## REQUIREMENT
Print the listing below only from the line that has "Apartamento, 3 quartos, 81 m² - Foto 12" through the line that has "COPIC Ink 12ml BV04 Blue Berry", exactly, and drop any picture.

## SUPPLIED INFORMATION

==================================================

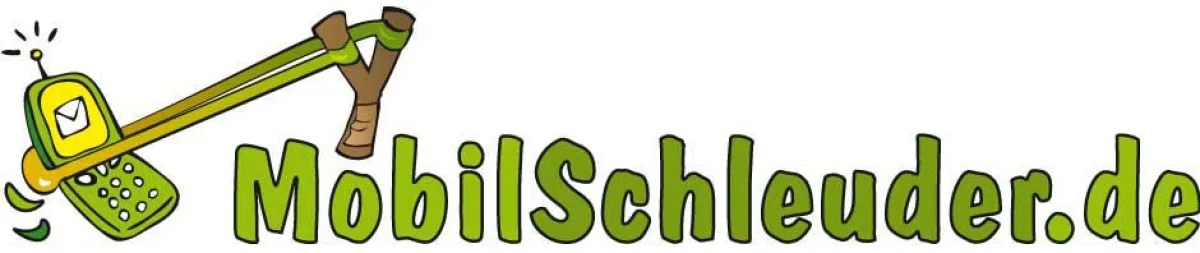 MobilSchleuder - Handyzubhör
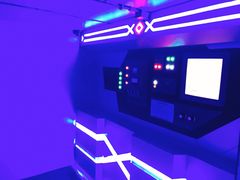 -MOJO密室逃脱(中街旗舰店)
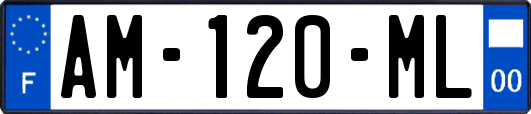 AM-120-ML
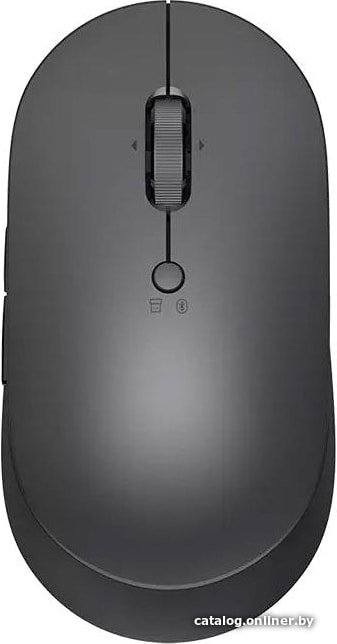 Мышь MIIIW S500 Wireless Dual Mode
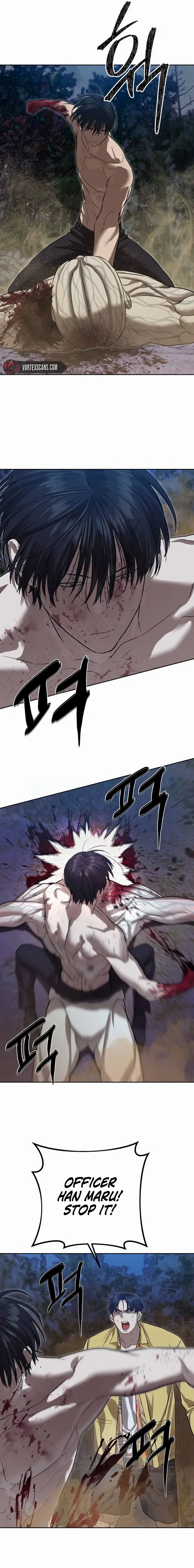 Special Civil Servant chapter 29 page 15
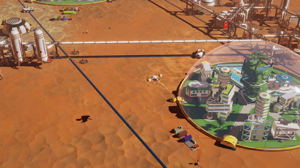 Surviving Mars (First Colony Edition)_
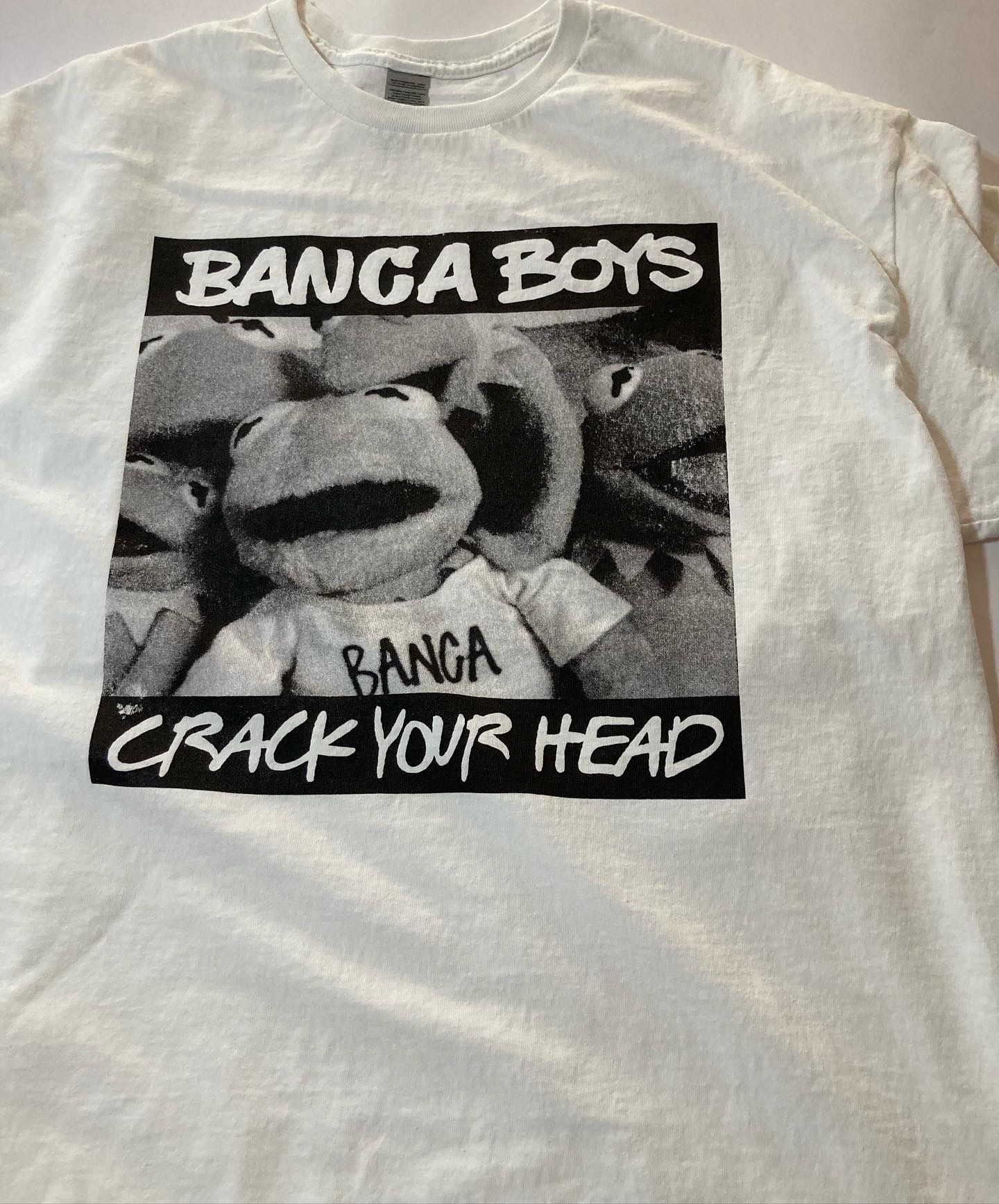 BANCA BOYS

==================================================

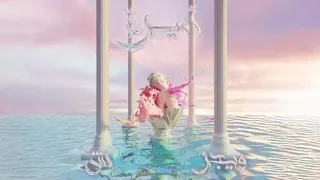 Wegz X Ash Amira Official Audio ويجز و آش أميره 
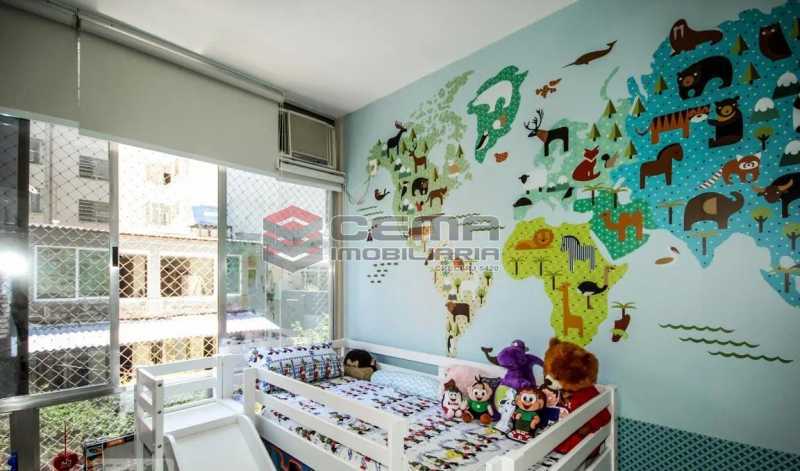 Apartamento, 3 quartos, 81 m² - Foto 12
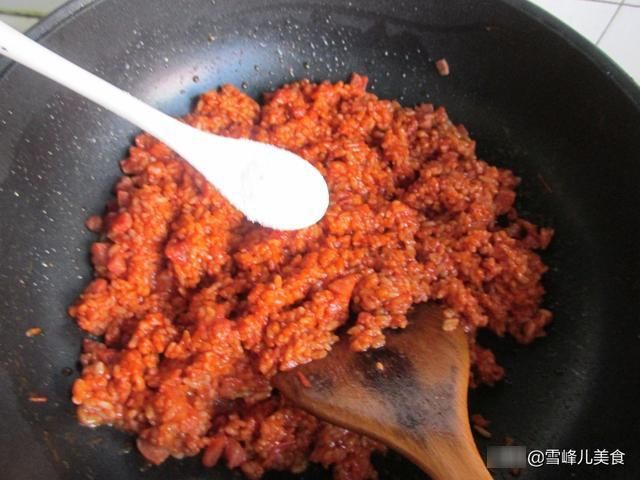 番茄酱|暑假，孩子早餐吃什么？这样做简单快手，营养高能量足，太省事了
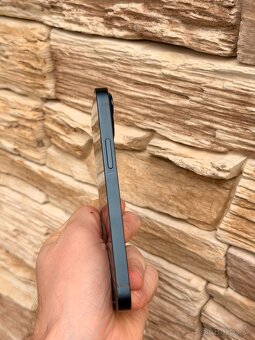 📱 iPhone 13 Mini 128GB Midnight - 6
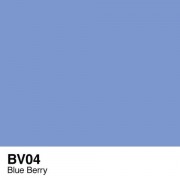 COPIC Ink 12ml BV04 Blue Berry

==================================================

## TASK ANSWER
 Apartamento, 3 quartos, 81 m² - Foto 12
 番茄酱|暑假，孩子早餐吃什么？这样做简单快手，营养高能量足，太省事了
 📱 iPhone 13 Mini 128GB Midnight - 6
 COPIC Ink 12ml BV04 Blue Berry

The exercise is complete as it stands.